If you're writing an integration with Ollama or want to influence its function on your device, there are several environment variables you can set to configure how Ollama operates.
Source (2025-01-29): https://github.com/ollama/ollama/blob/main/envconfig/config.go
OLLAMA_HOST- defaults to http://127.0.0.1:11434. Can be http/https. Host returns the scheme and host. Host can be configured via the OLLAMA_HOST environment variable.
OLLAMA_ORIGINS- comma separated values. Always appends http(s)://localhost, 127.0.0.1, 0.0.0.0, app://, file://, tauri://, vscode-webview://. Origins returns a list of allowed origins. Origins can be configured via the OLLAMA_ORIGINS environment variable.

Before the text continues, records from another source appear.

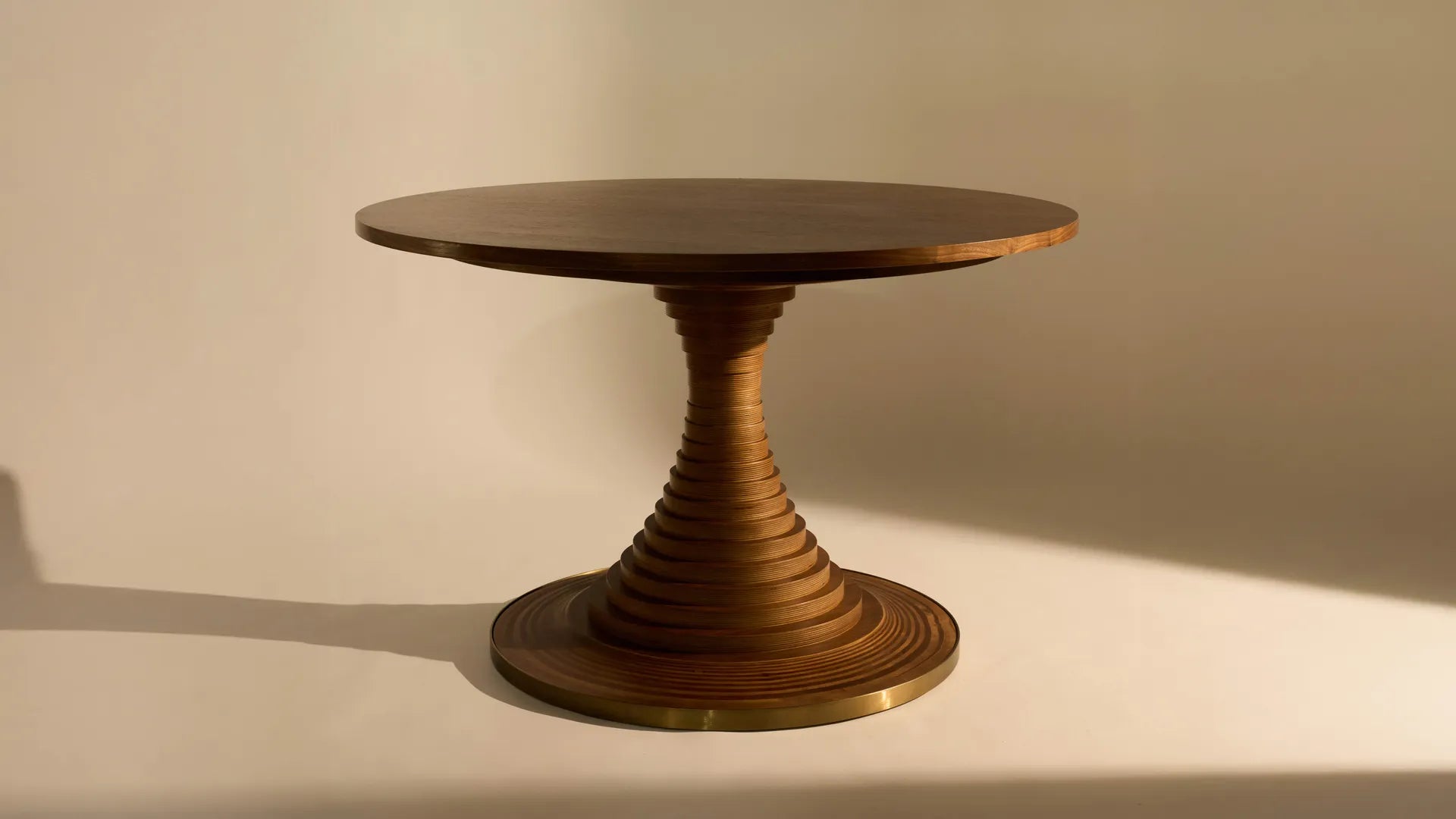 Tavolo a Dischi Dining Table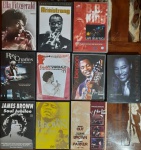 Lote contendo 12 DVDs . Ella Fitzgerald (dois), James Brown (dois), George Benson (dois), Louis Armstrong, B.B.King, Ray Charles e Carlos Santana (triplo) .  Classic Black Music ( perfeito estado ).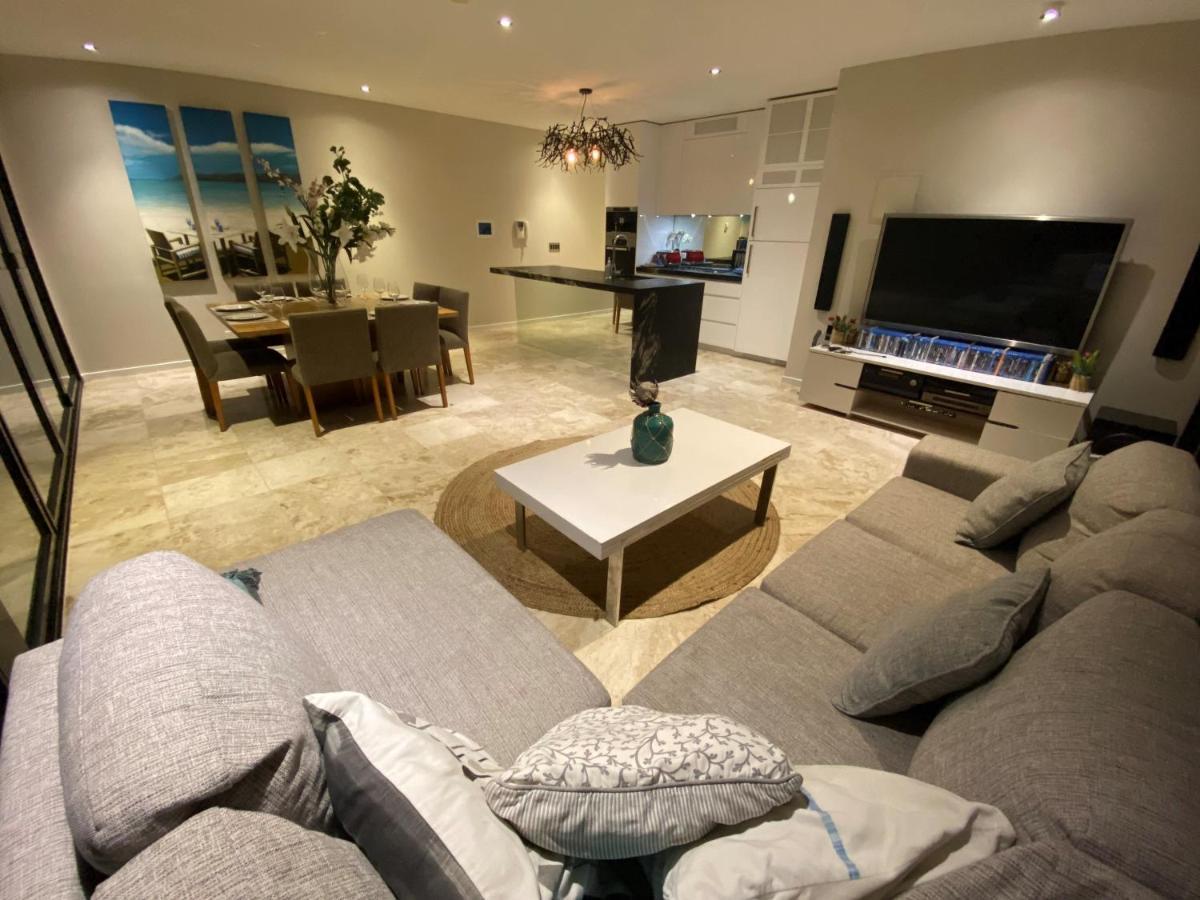 Luxurious Penthouse Oasis With Melbourne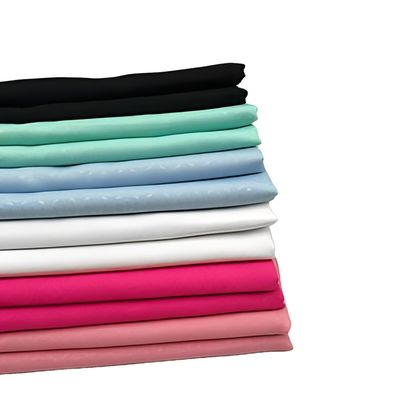 Rétractable à la flamme 100%polyester Twill Gabardine tissé pour uniformes dans l'industrie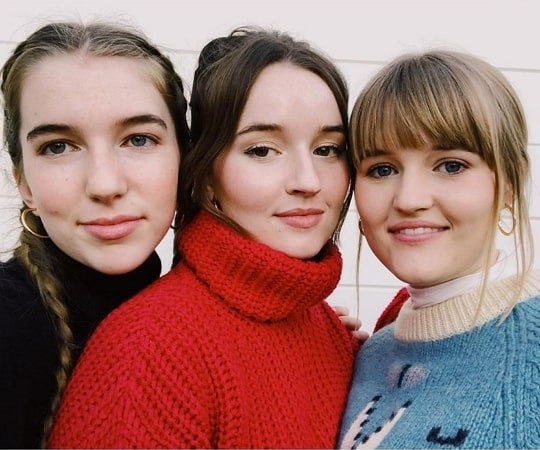 kaitlyn dever sisters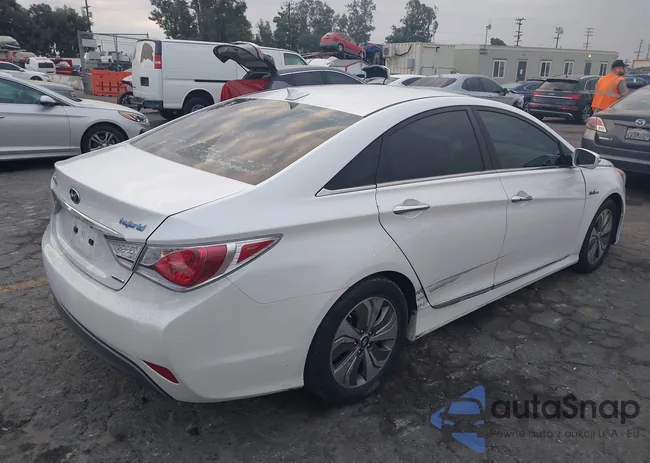 KMHEC4A47FA125100: 37932417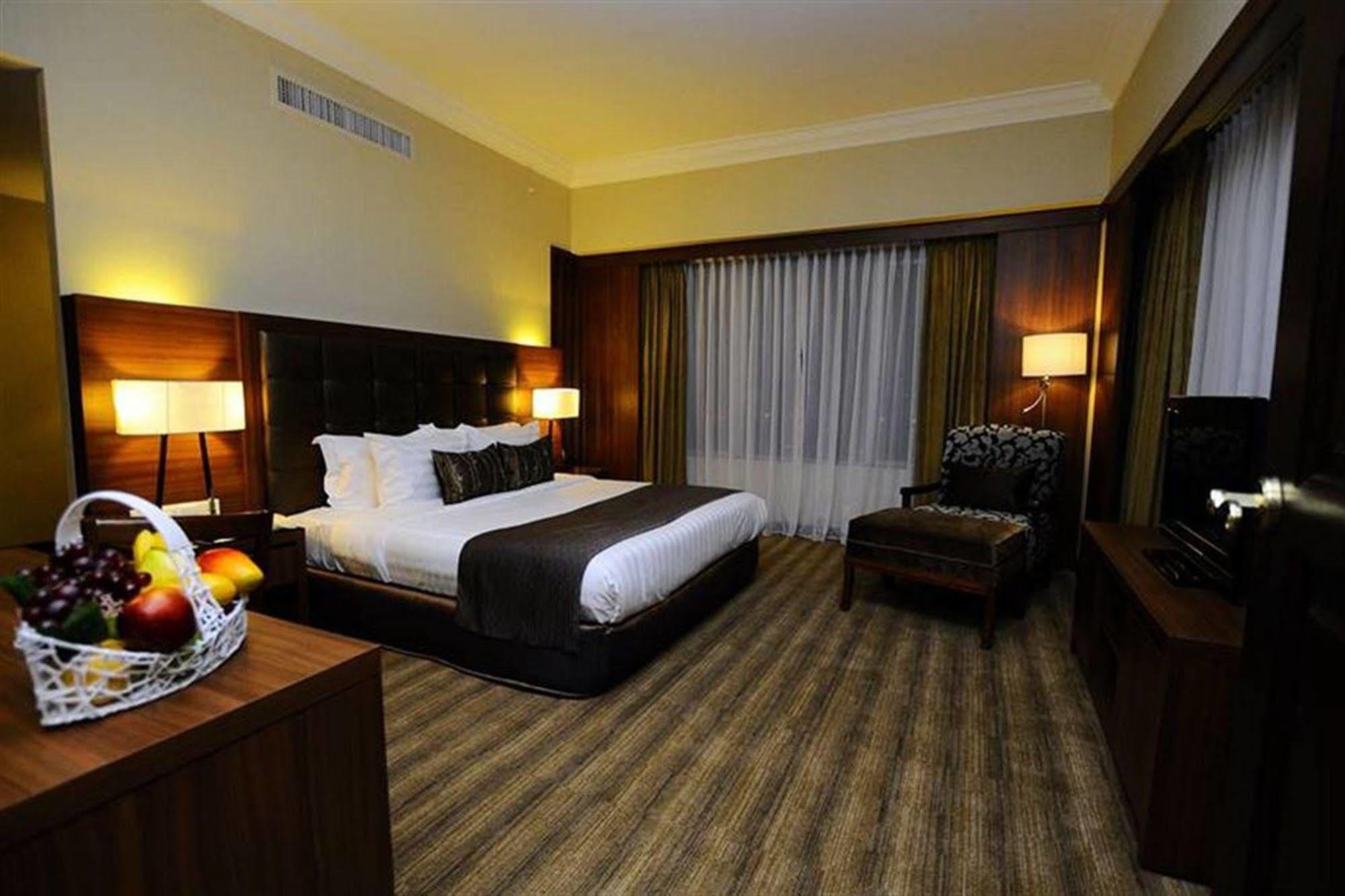 The Katerina Hotel Batu Pahat Zewnętrze zdjęcie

OLLAMA_MODELS- Models returns the path to the models directory. Models directory can be configured via the OLLAMA_MODELS environment variable. Default is $HOME/.ollama/models
OLLAMA_KEEP_ALIVE- KeepAlive returns the duration that models stay loaded in memory. KeepAlive can be configured via the OLLAMA_KEEP_ALIVE environment variable. Negative values are treated as infinite. Zero is treated as no keep alive. Default is 5 minutes.
OLLAMA_LOAD_TIMEOUT- LoadTimeout returns the duration for stall detection during model loads. LoadTimeout can be configured via the OLLAMA_LOAD_TIMEOUT environment variable. Zero or Negative values are treated as infinite. Default is 5 minutes.

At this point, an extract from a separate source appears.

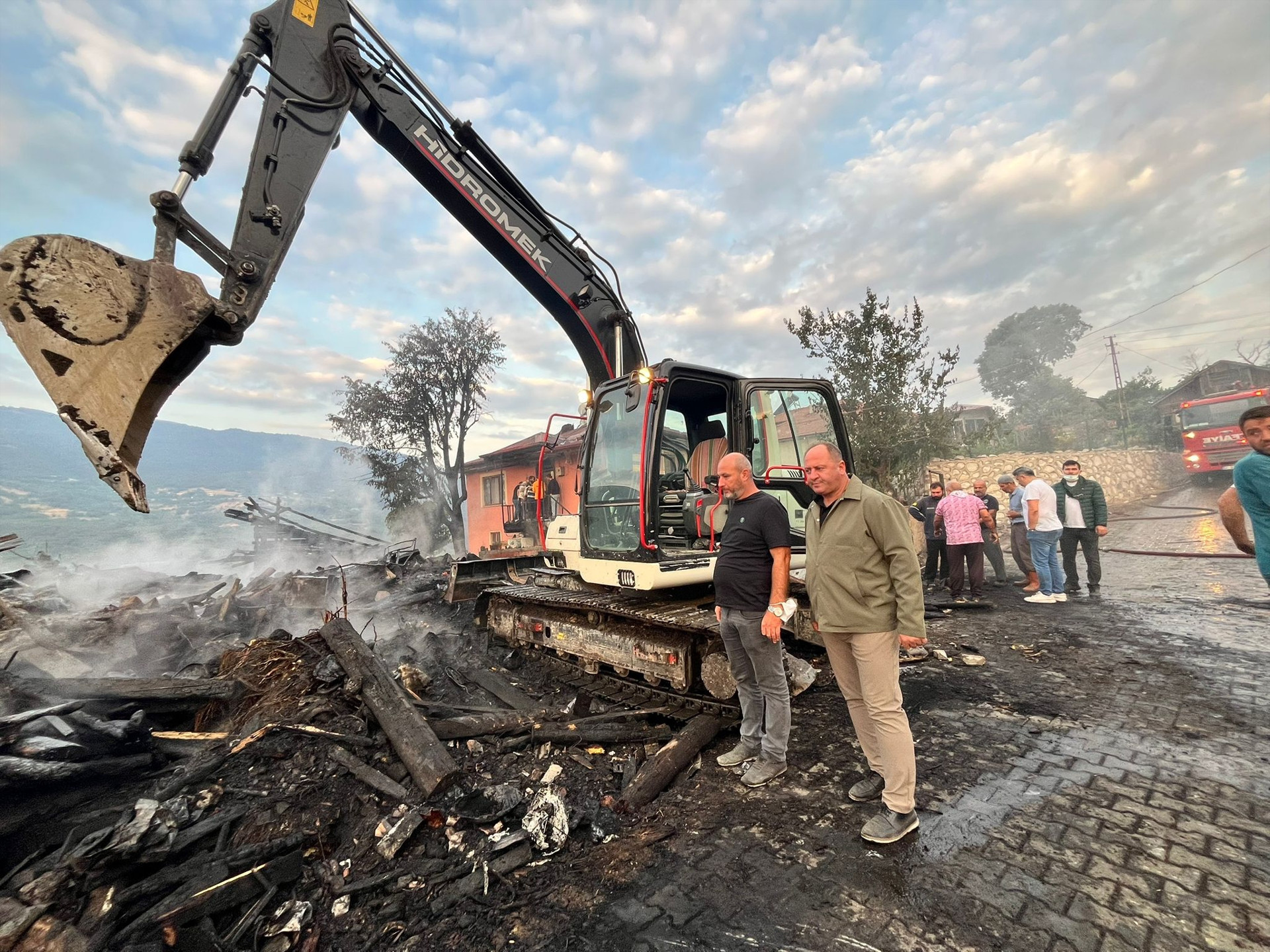Boluda bir köy gece yarısı dehşeti yaşadı Boluda bir köy gece yarısı dehşeti yaşadı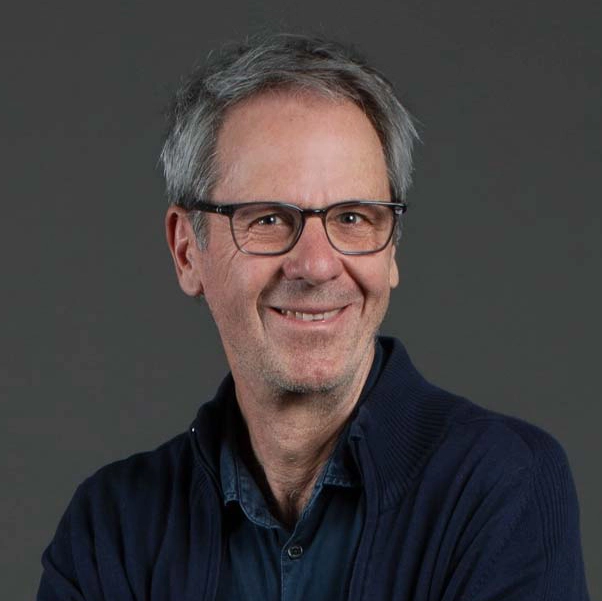 Portrait photo de Alain Rochat, psychologue spécialiste en psychothérapie FSP à Lausanne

Boolean flags. It accepts 1, t, T, TRUE, true, True, 0, f, F, FALSE, false, False. Any other value returns an error. (https://pkg.go.dev/strconv#ParseBool)
OLLAMA_DEBUG - Debug enabled additional debug information.
OLLAMA_FLASH_ATTENTION - FlashAttention enables the experimental flash attention feature.
OLLAMA_KV_CACHE_TYPE - KvCacheType is the quantization type for the K/V cache.
OLLAMA_NOHISTORY - NoHistory disables readline history.
OLLAMA_NOPRUNE - NoPrune disables pruning of model blobs on startup.
OLLAMA_SCHED_SPREAD - SchedSpread allows scheduling models across all GPUs.
OLLAMA_INTEL_GPU - IntelGPU enables experimental Intel GPU detection.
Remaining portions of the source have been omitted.